Bear with me, this will take some explanation:
I think "Wing Commander" is more an example of what happens when a company pretends to listen to it's consumers, and they decides it's going to do whatever the frak it wants to, and we better like it.
A current example of this would be Bioware and "Dragon Age", albiet it's not as long running a franchise as "Wing Commander" was. With plenty of time on the clock to push up the game and make radical changes if they wanted to, they decided to do some reveals about what they wanted to do with this "Hawke" character, basically the removal of most of the character creation options that made "Origins" a big hit with people wanting serious RPers. The response was as far as I saw, overwhelmingly negative, and this includes on their own forums which I checked out. There were of course some positive and very positive responses, and a lot of "I trust Bioware" responses, but by and large any serious responses were "this blows chips, we want multiple origins, racial selection, and more involved character creation". Indeed I was one of those pointing out that there is no reason to remove those aspects due to voice work since "Saint's Row 2" proved that they could have multiple voice actors read the script in differant ways so people could pick voices for differant races and backrounds and so on.
Bioware did not delay the game to modify things for more player choice, or in any way respond positively to the fan responses that it went out courting.
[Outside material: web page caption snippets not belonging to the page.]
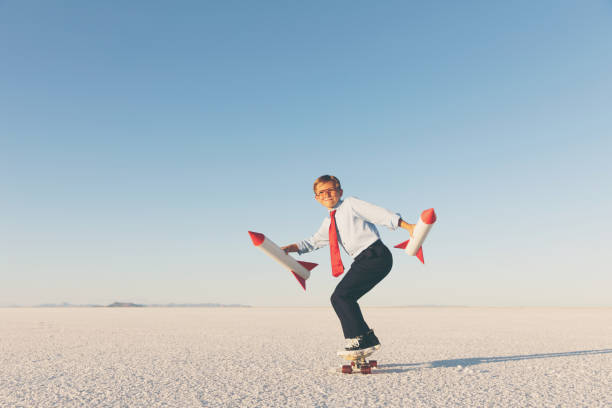 istock Business Boy Holding Rockets on Skateboard 855153278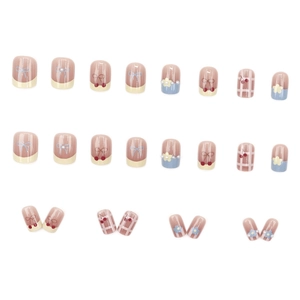 Sweet pink and blue press-on nails set with cherry, bow, and floral pearl accents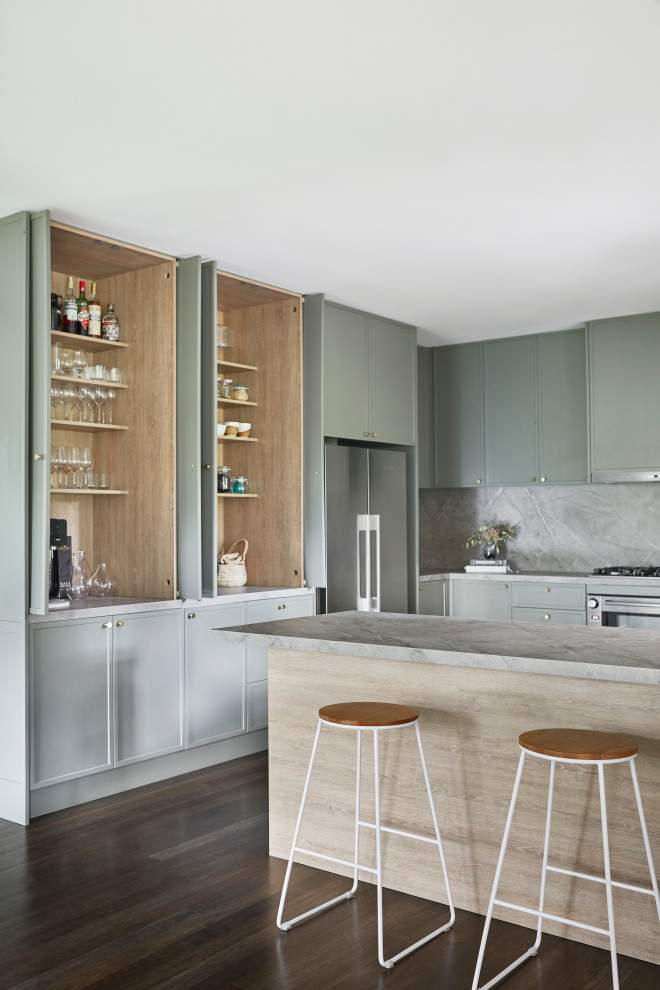 Mid-sized scandinavian galley open plan kitchen in Other with an undermount sink, shaker cabinets, green cabinets, solid surface benchtops, grey splashback, stone slab splashback, stainless steel appliances, dark hardwood floors, with island, black floor, grey benchtop and recessed.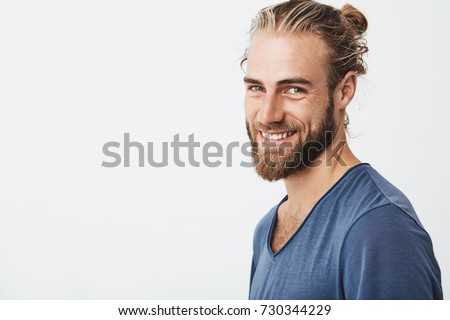 Happy young bearded guy with fashionable hairstyle and beard looking at camera, brightfully smiling with teeth, being happy about day off on work.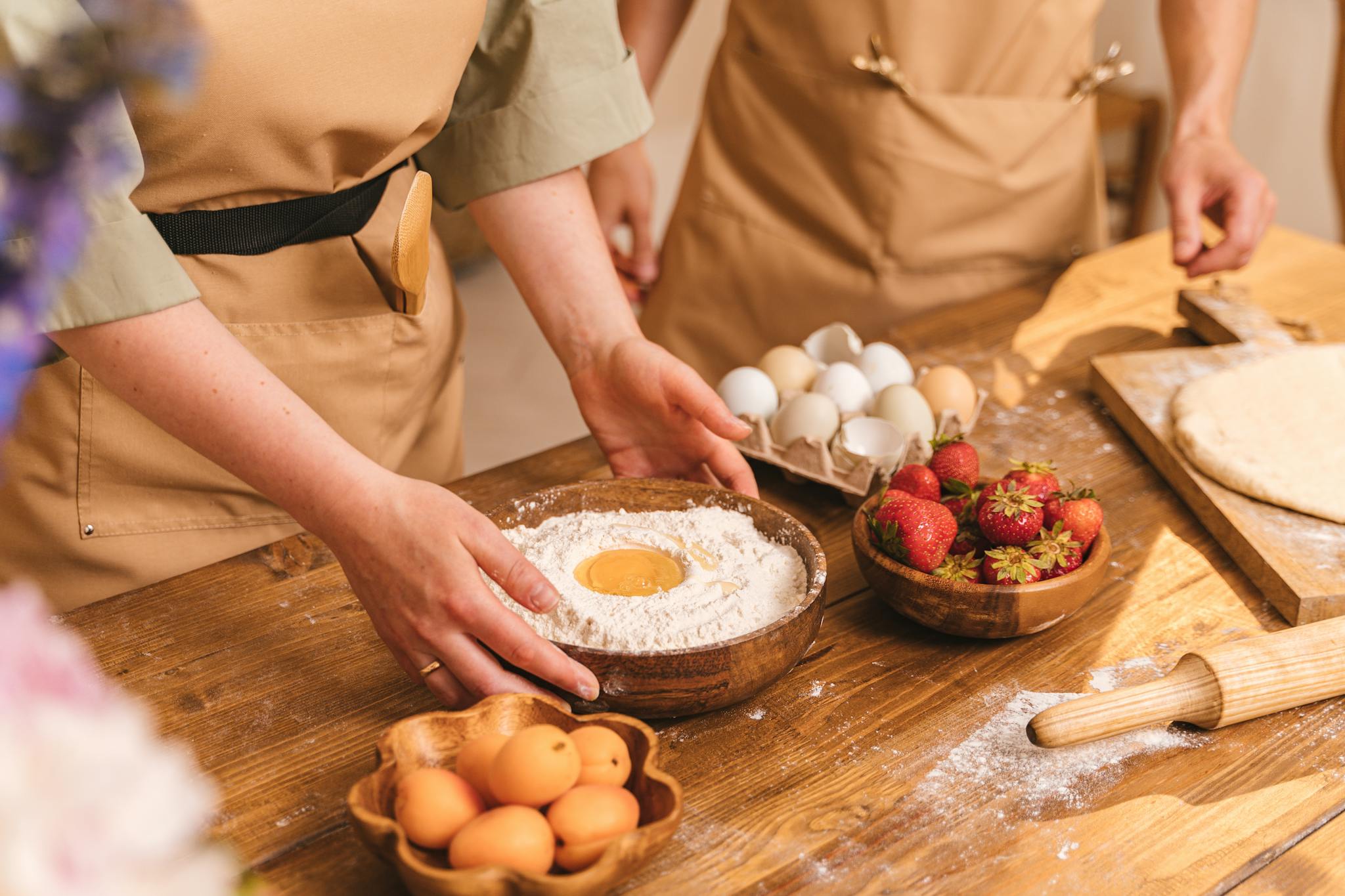 Adults preparing dough with eggs, flour, and strawberries on a wooden counter.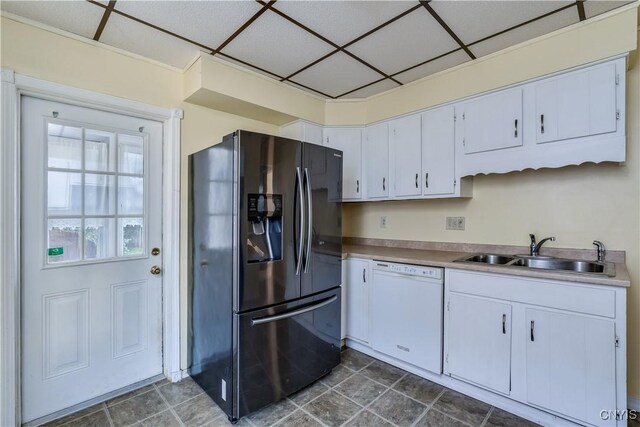 kitchen featuring white cabinets, white dishwasher, sink, black fridge with ice dispenser, and a paneled ceiling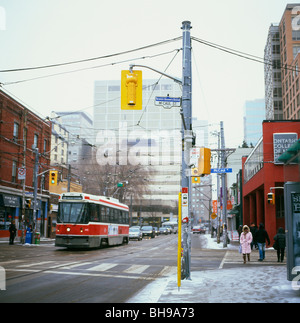 Tramway sur la rue Dundas, près de rue McCaul en hiver avec des trottoirs enneigés et les piétons Toronto, Ontario Canada Banque D'Images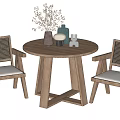 Wooden Round Table And Rattan Back Gray Cushioned Chairs With Decorative Vases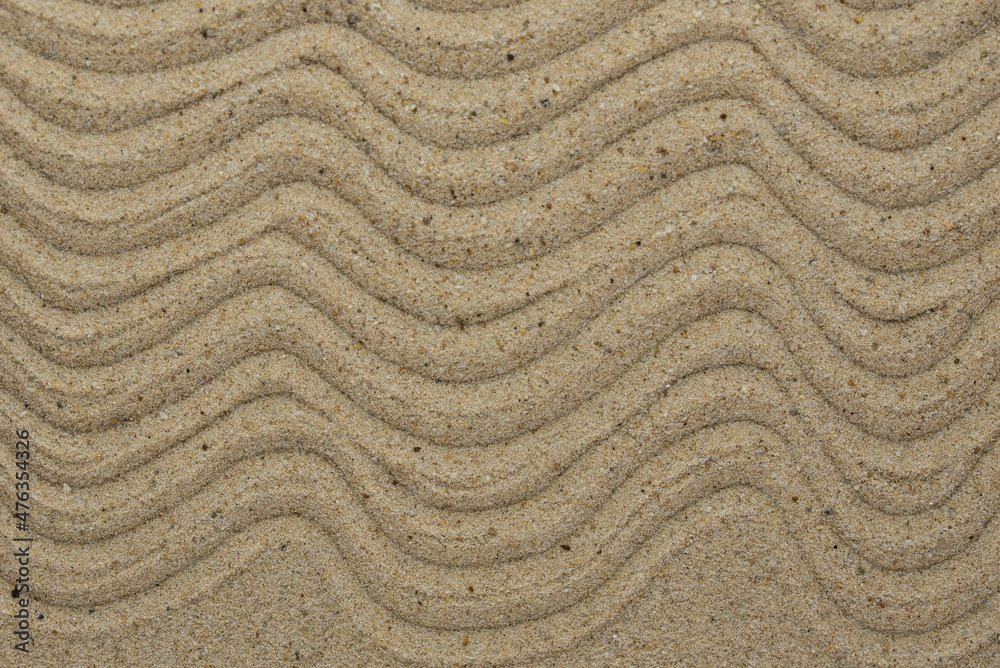 Zen sand garden meditation stone background with copy space. Stones and lines drawing in sand for relaxation. Concept of harmony, balance and meditation, spa, massage, relax Zen sand garden meditation stone background with copy space. Stones and lines drawing in sand for relaxation. Concept of harmony, balance and meditation, spa, massage, relax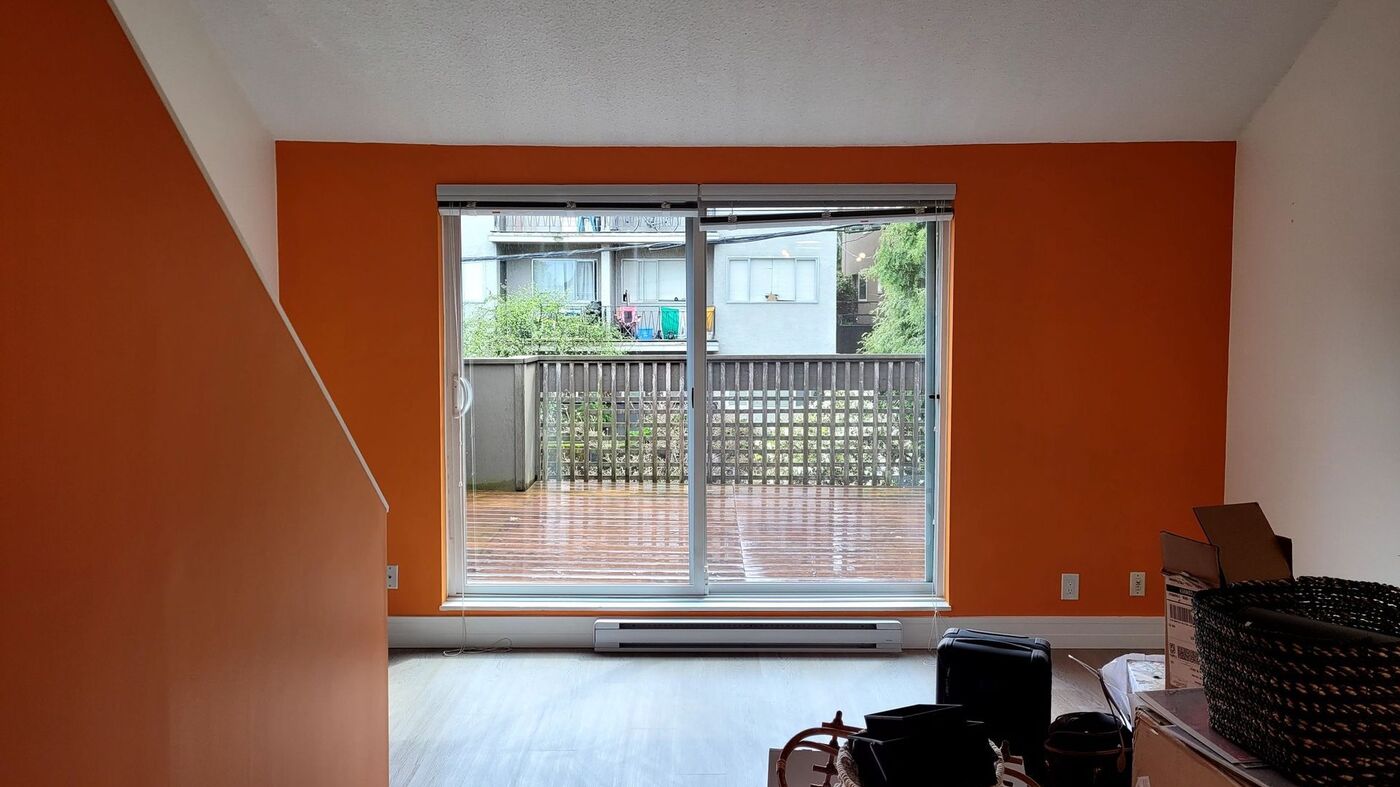 Interior of a Vancouver condominium painted by Davor's Painting with a saturated orange accent wall against white trim and a sliding patio door.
Rather it blindly pushed on with what it was going to do. The problem with game companies is when they start determining what is signal and what is noise (so to speak) and overlook the obvious.
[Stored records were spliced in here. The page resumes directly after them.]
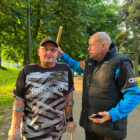 two men, one holding a wooden baton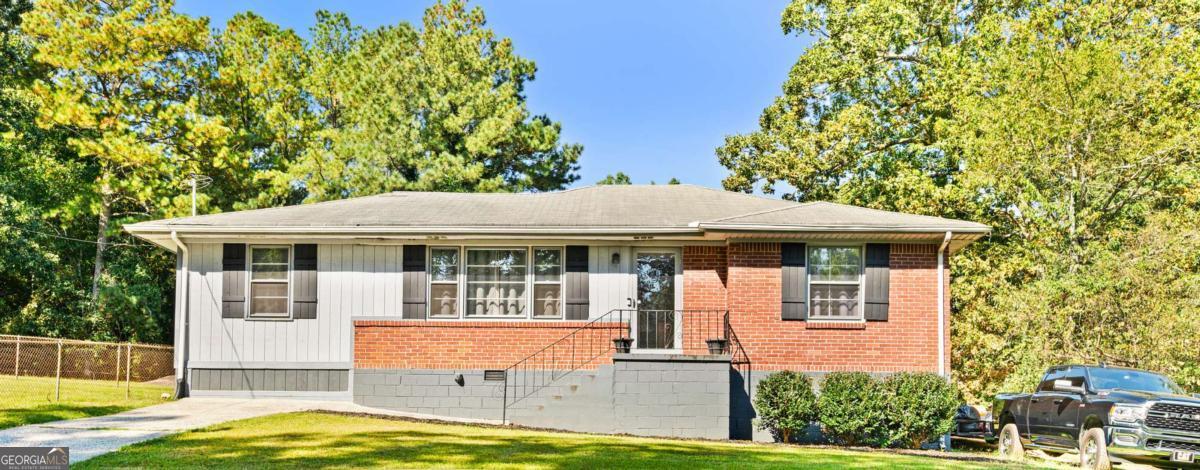 Cozy Living in Lithia Springs! This charming 3-bedroom, 1-bath home is filled with natural light, making every space feel warm and inviting. A bright sunroom is the perfect spot for morning coffee or evening relaxation. The primary bedroom is separated from the secondary bedrooms, offering a private retreat while keeping the home functional and cozy. An outbuilding with power provides extra storage or a great setup for hobbies, a workshop, or creative projects. Whether you're a first-time buyer, downsizing, or looking for an investment, this home is full of opportunity. Conveniently located near shopping, dining, and major highways in Lithia Springs.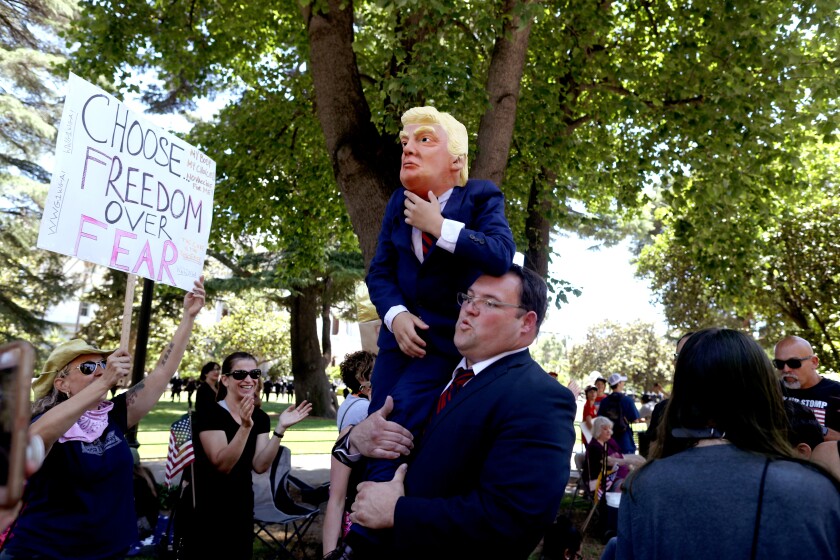 A person playing President Trump at a rally in Sacramento.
I see a lot of direct parallels with Wing Commander. It wasn't the Wing Commander movie that killed the series. It was when Origin started putting Mark Hamil into the role of the protaganist, removing the generic pilot (that you could name) and the whole "the hero is you" bit that a lot of people liked. This desician, and other ones cannonballed the series. If you believe the hype and a lot of reviews these games were going strong and you'd be justified to wonder "WTF happened, it must have been the movie", but if you were part of the fan base at the time, and on a lot of the forums and stuffm the players were actually fairly against what was going on, including changes to the gameplay to make it "more realistic" in the way ships handled and so on. Origin went right ahead to play with their celebrity actors and big movie productions, and the fans eventually decided "nope, not anymore. You know we made two previous games sell well that weren't what we wanted due to loyalty, take these last ones and stick them where the sun doesn't shine".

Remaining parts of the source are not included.